Pyloric Stenosis in a Patient with CEDNIK Syndrome
Mark A Potesta, Vivian Aldana, Samit Patel

TL;DR
This paper reports a rare genetic disorder called CEDNIK syndrome and its complications in a four-month-old patient with pyloric stenosis and developmental delays.
Contribution
The study contributes a new clinical case of CEDNIK syndrome with idiopathic pyloric stenosis and discusses its systemic implications.
Findings
The patient exhibited failure to thrive, gastroesophageal reflux, and hypotonia, alongside CEDNIK syndrome features.
Idiopathic pyloric stenosis was identified as a complicating factor in the patient's condition.
The case highlights the need for coordinated care to manage systemic manifestations of CEDNIK syndrome.
Abstract
We present a rare neurocutaneous genetic disorder where patients develop a combination of cerebral dysgenesis, neuropathy, ichthyosis, and keratoderma, commonly known as CEDNIK syndrome.
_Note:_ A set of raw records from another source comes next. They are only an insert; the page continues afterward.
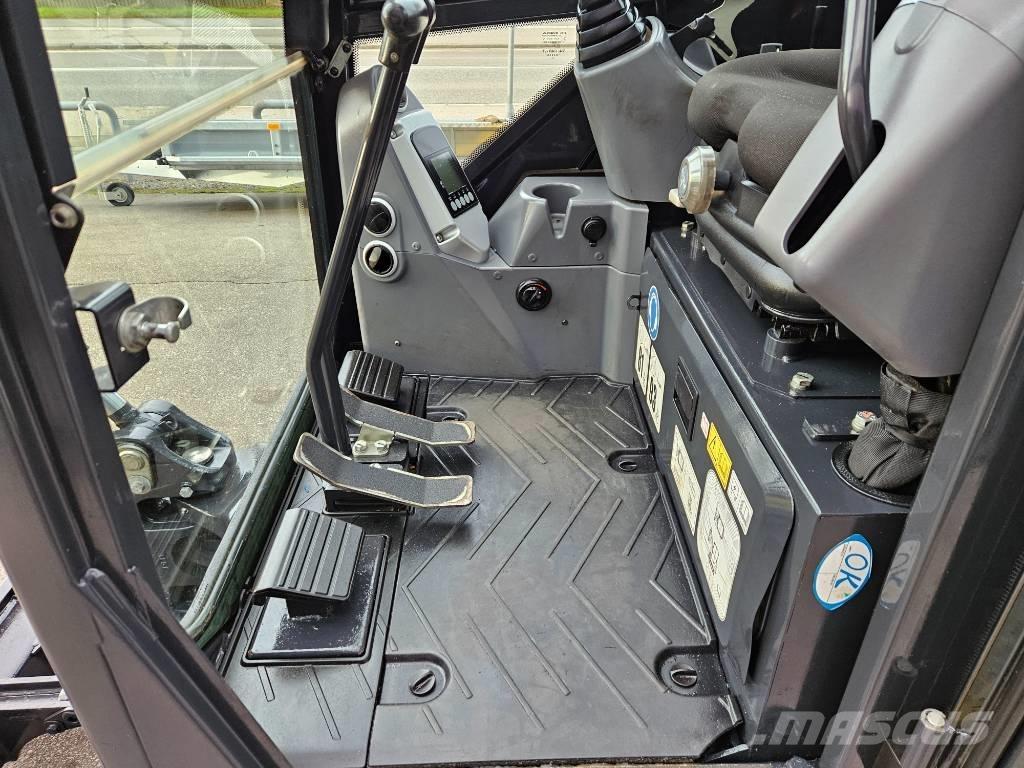 Yanmar SV 19 VT Mini ekskavatori < 7 t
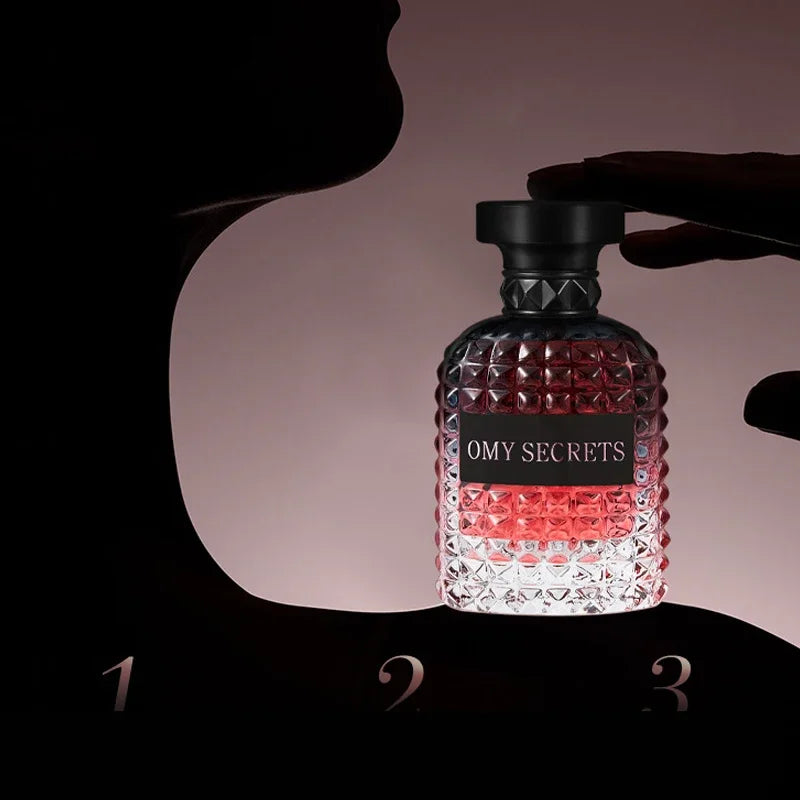 Brand Women's Perfume Pheromone Natural Floral Scent Spray Flirting Dating French Fragrant Scent Eau De Toilette Summer Deodoran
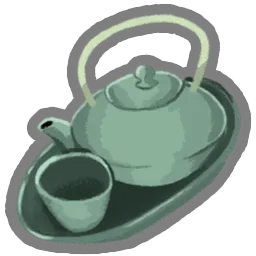 Venerable Tea Set relic icon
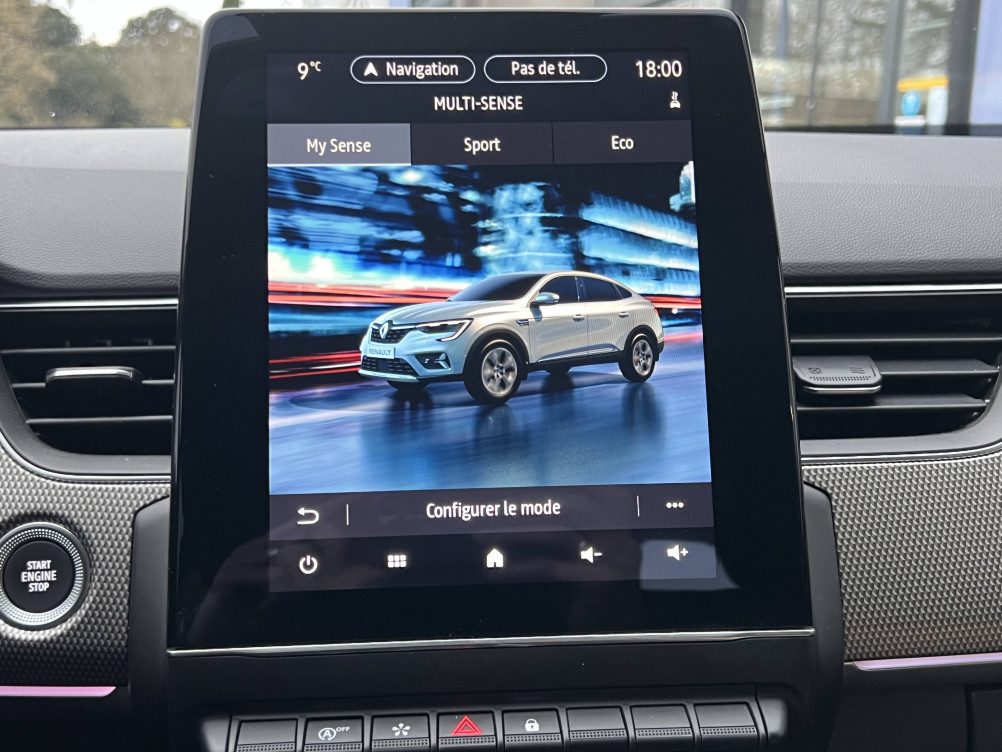 Acheter Renault Arkana Arkana TCe 140 EDC FAP - 21B Intens 5p occasion dans les concessions du Groupe Faurie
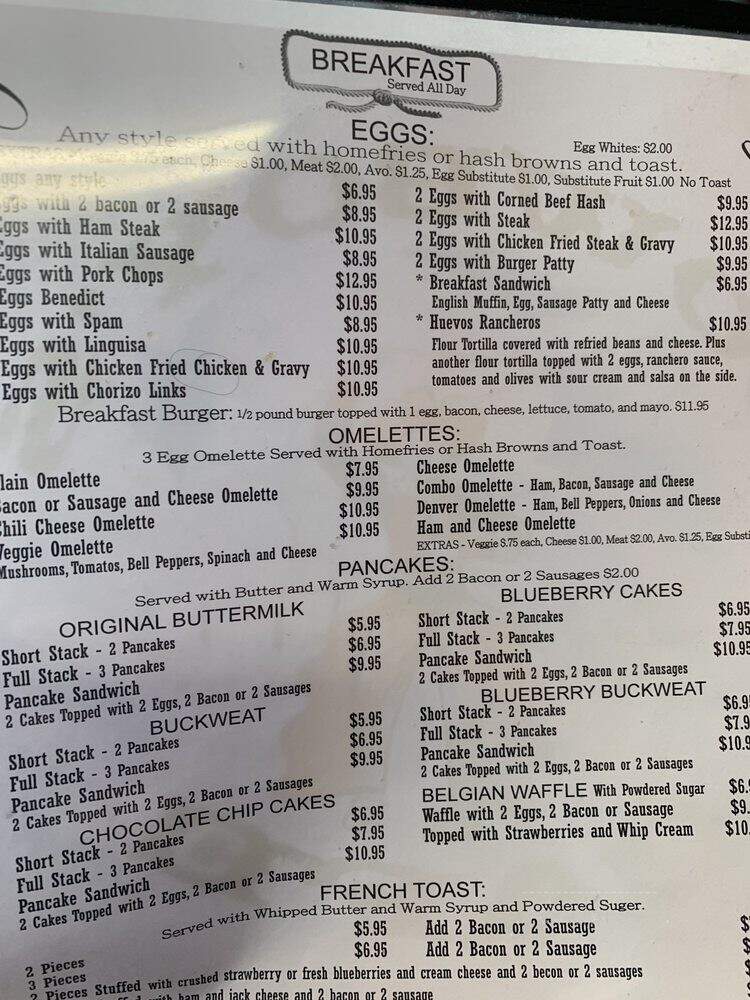 Cowboy Cafe - Minden, NV menu_pic
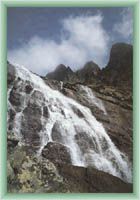 Wasserfall Velický vodopád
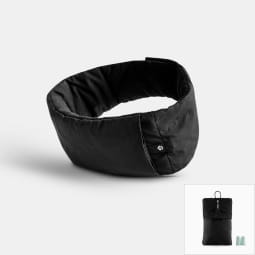 Blackout Eyemask Black and Earplugs Kit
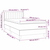 Box spring krevet s madracem tamnosivi 100x200 cm baršunasti
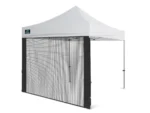 gazebo full mesh wall 3m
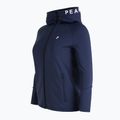 Bluza trekkingowa damska Peak Performance Rider Zip Hood 2022 blue shadow 3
It is an autosomal recessive inheritance involving the SNAP29 protein, mapped to the 22q11.2 gene. Phenotypic variation is seen with this disease, with clinical manifestation of developmental milestone delays ranging in severity. With only a handful of documented cases, available research, management of the syndrome, and prognosis are not well established. As CEDNIK syndrome has systemic implications, care coordination between specialists is essential in improving patient outcomes. Particularly important is preventing patients from meeting the criteria of failure to thrive, a commonly reported issue. In this case, we present a four-month-old male with a past medical history of pyloric stenosis…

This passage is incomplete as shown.